Crawled caption data
*** Block opens ***
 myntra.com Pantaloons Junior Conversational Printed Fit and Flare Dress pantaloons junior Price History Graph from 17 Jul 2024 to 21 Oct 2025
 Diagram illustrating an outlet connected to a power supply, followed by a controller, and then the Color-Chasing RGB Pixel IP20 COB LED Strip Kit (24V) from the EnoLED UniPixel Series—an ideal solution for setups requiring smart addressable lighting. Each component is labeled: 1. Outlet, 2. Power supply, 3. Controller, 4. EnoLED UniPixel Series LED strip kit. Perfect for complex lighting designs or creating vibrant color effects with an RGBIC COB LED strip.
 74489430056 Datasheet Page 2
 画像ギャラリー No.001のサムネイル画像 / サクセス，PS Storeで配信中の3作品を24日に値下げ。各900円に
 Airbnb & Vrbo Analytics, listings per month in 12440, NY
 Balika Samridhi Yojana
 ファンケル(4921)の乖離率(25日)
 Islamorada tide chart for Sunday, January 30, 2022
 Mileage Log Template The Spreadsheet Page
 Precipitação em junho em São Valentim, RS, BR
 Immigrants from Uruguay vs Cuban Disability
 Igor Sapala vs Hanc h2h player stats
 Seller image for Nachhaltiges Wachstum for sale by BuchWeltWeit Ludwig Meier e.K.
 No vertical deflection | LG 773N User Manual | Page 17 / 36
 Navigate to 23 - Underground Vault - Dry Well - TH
*** Block closes ***
A complete, exact transcription of the data above is required.

 myntra.com Pantaloons Junior Conversational Printed Fit and Flare Dress pantaloons junior Price History Graph from 17 Jul 2024 to 21 Oct 2025
 Diagram illustrating an outlet connected to a power supply, followed by a controller, and then the Color-Chasing RGB Pixel IP20 COB LED Strip Kit (24V) from the EnoLED UniPixel Series—an ideal solution for setups requiring smart addressable lighting. Each component is labeled: 1. Outlet, 2. Power supply, 3. Controller, 4. EnoLED UniPixel Series LED strip kit. Perfect for complex lighting designs or creating vibrant color effects with an RGBIC COB LED strip.
 74489430056 Datasheet Page 2
 画像ギャラリー No.001のサムネイル画像 / サクセス，PS Storeで配信中の3作品を24日に値下げ。各900円に
 Airbnb & Vrbo Analytics, listings per month in 12440, NY
 Balika Samridhi Yojana
 ファンケル(4921)の乖離率(25日)
 Islamorada tide chart for Sunday, January 30, 2022
 Mileage Log Template The Spreadsheet Page
 Precipitação em junho em São Valentim, RS, BR
 Immigrants from Uruguay vs Cuban Disability
 Igor Sapala vs Hanc h2h player stats
 Seller image for Nachhaltiges Wachstum for sale by BuchWeltWeit Ludwig Meier e.K.
 No vertical deflection | LG 773N User Manual | Page 17 / 36
 Navigate to 23 - Underground Vault - Dry Well - TH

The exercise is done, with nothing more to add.